As we already know, Chat GPT is an auto-generative chat that extracts data from different sources and then processes it using Natural Language Processing (NLP). Since the launch of ChatGPT, there has been a lot of discussion about its relationship with intellectual property, specifically with copyright: when is the output inspired from existing works and when is it actually infringing them? We discussed it in this post.

Generative AI companies are facing a barrage of numerous legal actions. Earlier this year, Getty Images sued the company Stability IA for training on millions of its pictures without consent. The proposed class action filed in the San Francisco federal court last Wednesday is based on the claim that OpenAI infringed copyright at two points: first, when it illegally downloaded copies of novels to train its artificial intelligence system, and second, because ChatGPT's responses (output) are themselves infringing the rights in such works.

As to the first issue.

The plaintiffs alleged that much of the material in OpenAI's training datasets comes from copyrighted works, including books, which were copied by OpenAI without consent, without credit, and without compensation. Books have always been a key ingredient in training datasets for large language models, as they provide the best examples of high-quality extensive writing. In the July 2020 GPT-3 paper, OpenAI revealed that 15% of GPT-3's huge training dataset came from "two internet-based book corpora", which can be estimated at around 300,000 titles. The plaintiffs claimed that the only internet-based book corpuses that have ever offered so much material are the notorious "shadow library" websites, which are blatantly illegal.

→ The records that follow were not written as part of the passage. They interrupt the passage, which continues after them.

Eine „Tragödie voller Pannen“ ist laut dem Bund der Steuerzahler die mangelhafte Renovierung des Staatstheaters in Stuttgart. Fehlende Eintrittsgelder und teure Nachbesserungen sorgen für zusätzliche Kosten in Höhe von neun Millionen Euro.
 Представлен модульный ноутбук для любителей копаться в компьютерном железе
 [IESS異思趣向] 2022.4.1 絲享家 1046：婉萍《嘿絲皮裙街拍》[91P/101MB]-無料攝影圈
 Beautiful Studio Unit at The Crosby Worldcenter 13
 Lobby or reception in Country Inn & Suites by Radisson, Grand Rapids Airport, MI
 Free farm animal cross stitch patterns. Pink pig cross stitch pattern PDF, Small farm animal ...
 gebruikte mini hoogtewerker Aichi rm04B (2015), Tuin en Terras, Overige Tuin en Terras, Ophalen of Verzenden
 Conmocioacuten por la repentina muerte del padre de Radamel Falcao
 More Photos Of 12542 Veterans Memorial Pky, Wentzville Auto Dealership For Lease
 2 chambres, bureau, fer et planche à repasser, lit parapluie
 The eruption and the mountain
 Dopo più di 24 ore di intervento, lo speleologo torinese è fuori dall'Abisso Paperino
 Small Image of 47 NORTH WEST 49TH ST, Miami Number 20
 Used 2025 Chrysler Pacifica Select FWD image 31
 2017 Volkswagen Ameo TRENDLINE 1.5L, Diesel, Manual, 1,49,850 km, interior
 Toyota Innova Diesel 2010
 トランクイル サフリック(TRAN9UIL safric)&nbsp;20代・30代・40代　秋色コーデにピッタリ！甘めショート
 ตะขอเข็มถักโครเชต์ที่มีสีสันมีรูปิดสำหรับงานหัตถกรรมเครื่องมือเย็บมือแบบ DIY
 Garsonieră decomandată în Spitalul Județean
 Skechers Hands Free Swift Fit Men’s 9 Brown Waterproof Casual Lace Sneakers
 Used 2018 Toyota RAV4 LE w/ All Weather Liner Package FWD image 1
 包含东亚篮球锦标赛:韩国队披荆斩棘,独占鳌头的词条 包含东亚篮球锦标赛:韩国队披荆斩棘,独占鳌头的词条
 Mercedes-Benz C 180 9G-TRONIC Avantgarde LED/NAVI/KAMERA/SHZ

As evidence of infringement, the plaintiffs argued that when ChatGPT was asked to summarise the books written by each of them it generated very accurate summaries and that the reason it could do it is because the books were copied by OpenAI and ingested by the language model as part of its training data. The two authors alleged that OpenAI made copies of their books during the process of training OpenAI’s language models without their permission. Therefore, they sought damages and restitution of profits.

As to the second issue.

The plaintiffs argued that because the output of the OpenAI Language Models is based on expressive information extracted from the plaintiffs' works, each output of the OpenAI Language Models is an infringing derivative work, without permission from the authors and in violation of their exclusive rights. They alleged that OpenAI has benefited economically from the infringing results of the OpenAI Language Models as each result of the auto-generative chat constitutes an act of contributory copyright infringement. They also sought damages and restitution of profits.

This class action figures in around 300.000 books that could have been victims of plagiarism and seeks to represent the hundreds of thousands of US authors whose copyrights may have been infringed — in many of these cases, through websites that offer this content illegally.

Also on Wednesday, another class-action suit was filed against OpenAI in the California federal court by Clarkson, a public-interest law firm, on behalf of anonymous clients. They accuse OpenAI of stealing and misappropriating vast swathes of personal data from the Internet.